I have done so. There is nothing in the Convention to this effect. The nearest thing
is Article 15 which provides [for the inadmissibility in evidence of any statement
which is established to have been made as a result of torture.].
This does not create any offence. I would expect that under UK law any statement
established to have been made as a result of torture would not be admissible as
evidence.
89. We accept, as Professor Sands pointed out in his evidence to us, that this short memo
responding to a specific query should not be treated as a formal, fully reasoned legal advice.
However, we are concerned that this response from the Foreign Office’s most senior lawyer
makes no mention of the requirement in Article 4(1) UNCAT that States criminalise
“complicity or participation in torture”. As Professor Sands commented: “In a formal and
limited sense Mr Wood’s response is correct, but it seems not to address the issue in the
round. … there may be circumstances in which the receipt or possession of information
that has been obtained by torture may amount to complicity in torture, within the meaning
of Article 4(1).”
90. The memo from the Foreign Office Legal Adviser raises a number of important
questions.
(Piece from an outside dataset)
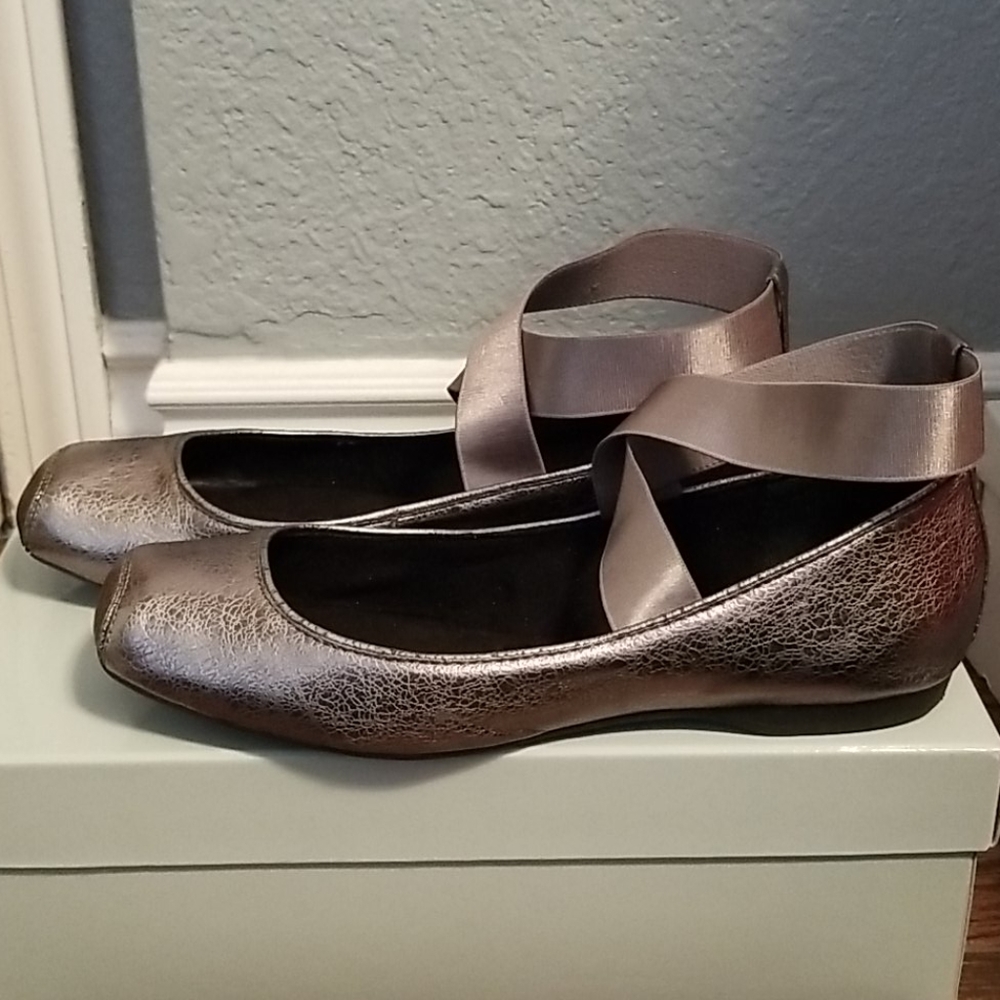 Jessica Simpson Mandalaye flat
As Professor Sands also said in his evidence, it may well be that Sir Michael
Wood, other lawyers or the Law Officers address the meaning and effect of Article 4 of
UNCAT in other more reasoned opinions, but this memo does not address that and
therefore “it does not give a complete answer.”125 We do not know whether other, more
reasoned advices were given to ministers or to the intelligence and security services. It is
important, in our view, to ascertain whether the Government was ever advised as to the
possibility that systematic reliance on information which may have been obtained under
torture risks at some point crossing the line into complicity in torture for which the UK
would be responsible under the relevant legal standards.
While a public Inquiry would be useful, I believe the major part of the truth about our ministerially approved policy on the use of torture could simply be revealed by releasing the minutes of my meeting of 7 or 8 March 2003 with Sir Michael Wood, Linda Duffield and Matthew Kydd at which I was told of the policy. The top copy includes a manuscript note which makes plain that Jack Straw had ordered the meeting and gives his views. I suggested that the Committee call for this minute, but they do not seem to have done so.
A final point worth mentioning is the continued UK media blackout. I have given 17 media interviews on the Committee’s report so far. including to CNN, but they have almost all been foreign. Only LBC radio in the UK has interviewed me. Neither do I exist in any of the press reports except a brief mention in the Herald.